§ **Source records**:

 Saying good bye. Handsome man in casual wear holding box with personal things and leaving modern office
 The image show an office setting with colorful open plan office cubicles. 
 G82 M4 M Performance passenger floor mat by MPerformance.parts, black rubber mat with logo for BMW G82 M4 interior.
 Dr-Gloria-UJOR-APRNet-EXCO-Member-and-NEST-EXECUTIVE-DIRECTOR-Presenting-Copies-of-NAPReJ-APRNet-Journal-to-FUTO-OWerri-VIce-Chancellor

==

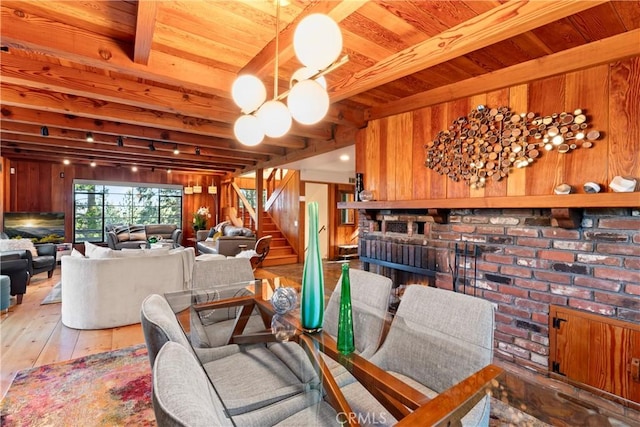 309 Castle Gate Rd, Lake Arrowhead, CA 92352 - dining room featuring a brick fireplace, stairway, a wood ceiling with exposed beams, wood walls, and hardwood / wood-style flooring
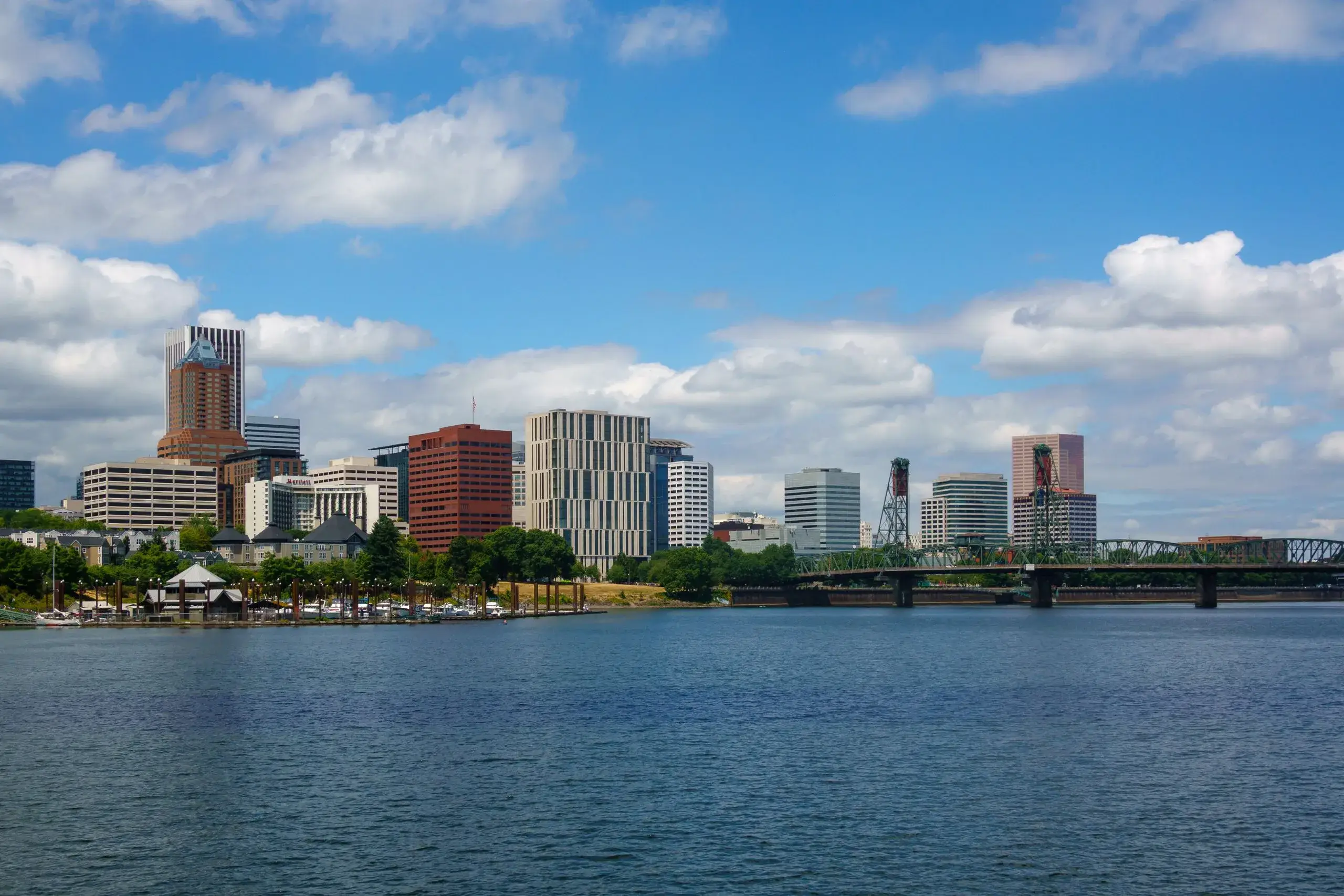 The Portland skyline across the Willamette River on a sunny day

...

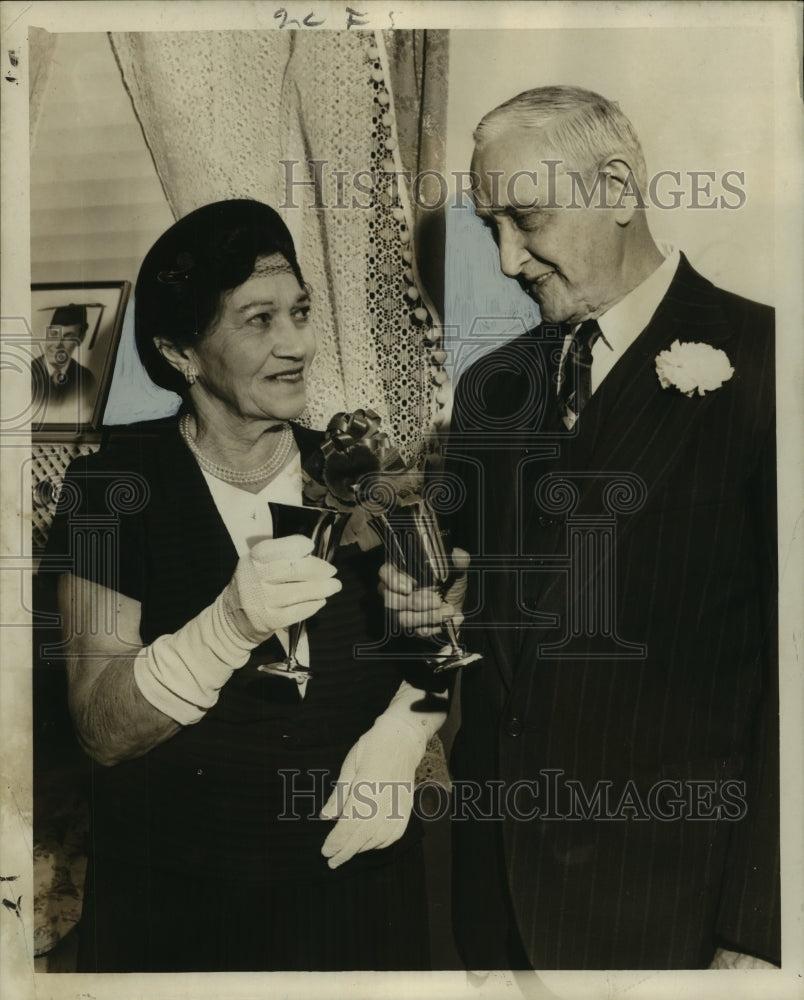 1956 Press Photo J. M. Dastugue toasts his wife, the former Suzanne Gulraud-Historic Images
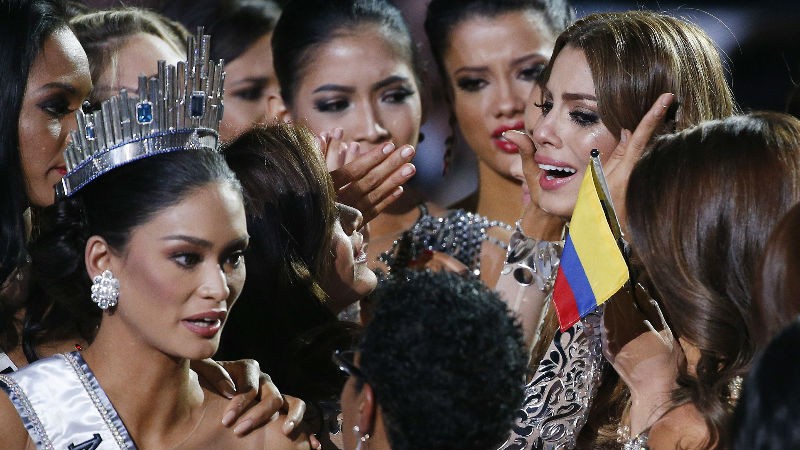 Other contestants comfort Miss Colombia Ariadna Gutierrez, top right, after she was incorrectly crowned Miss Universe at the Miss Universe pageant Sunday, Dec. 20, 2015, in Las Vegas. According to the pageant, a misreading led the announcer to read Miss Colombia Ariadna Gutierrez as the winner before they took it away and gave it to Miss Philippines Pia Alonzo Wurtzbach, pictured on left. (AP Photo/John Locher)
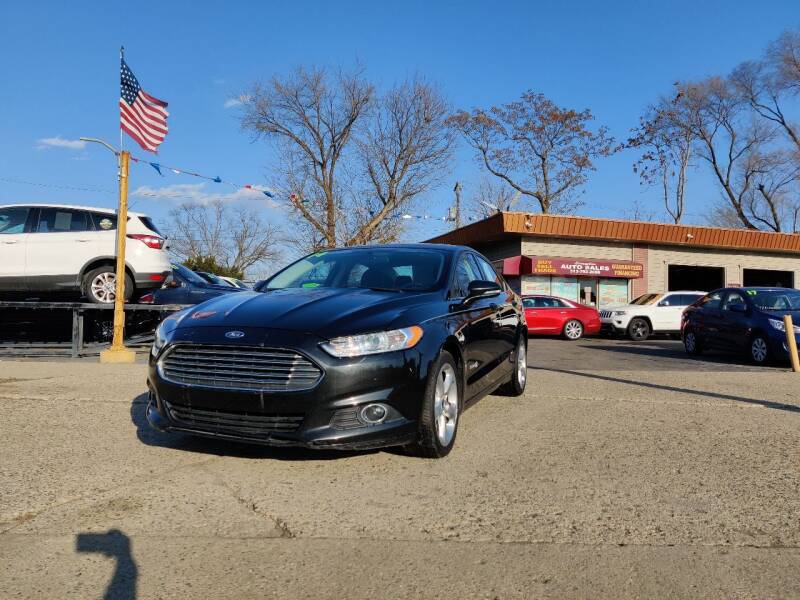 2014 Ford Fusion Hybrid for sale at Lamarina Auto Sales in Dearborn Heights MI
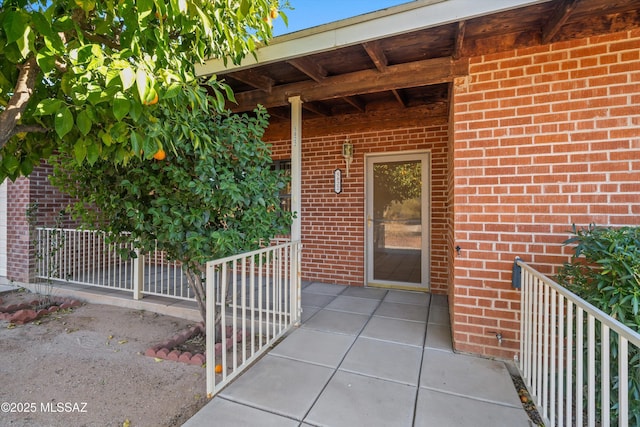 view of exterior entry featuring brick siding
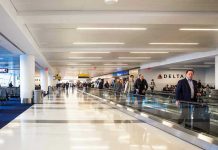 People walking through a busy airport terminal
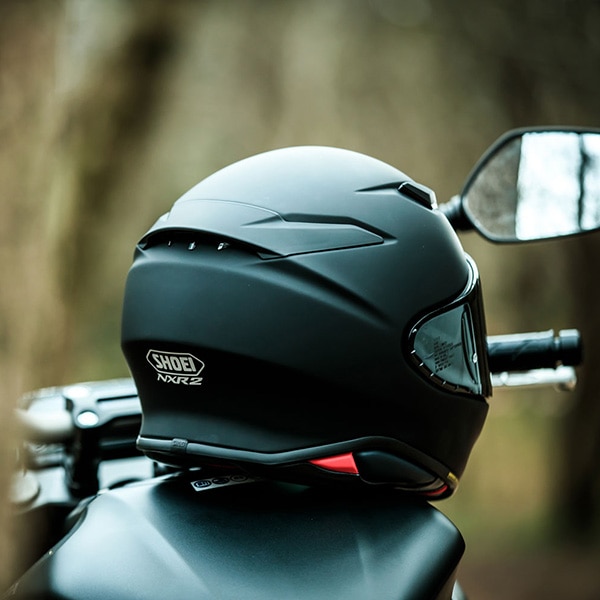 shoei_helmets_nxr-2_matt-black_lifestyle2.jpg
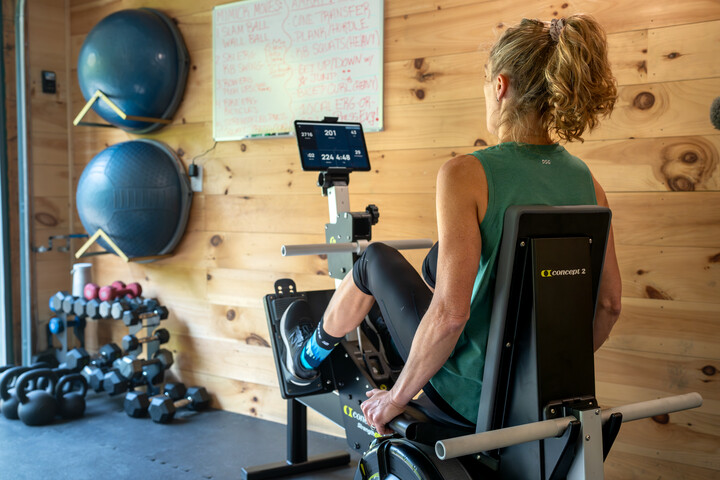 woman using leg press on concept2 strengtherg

§ **Activity**: In the data above, retype only the stretch from the line with "shoei_helmets_nxr-2_matt-black_lifestyle2.jpg" through the line with "woman using leg", word for word, and skip any pictures.

§ **Finished task**:
 shoei_helmets_nxr-2_matt-black_lifestyle2.jpg
 woman using leg press on concept2 strengtherg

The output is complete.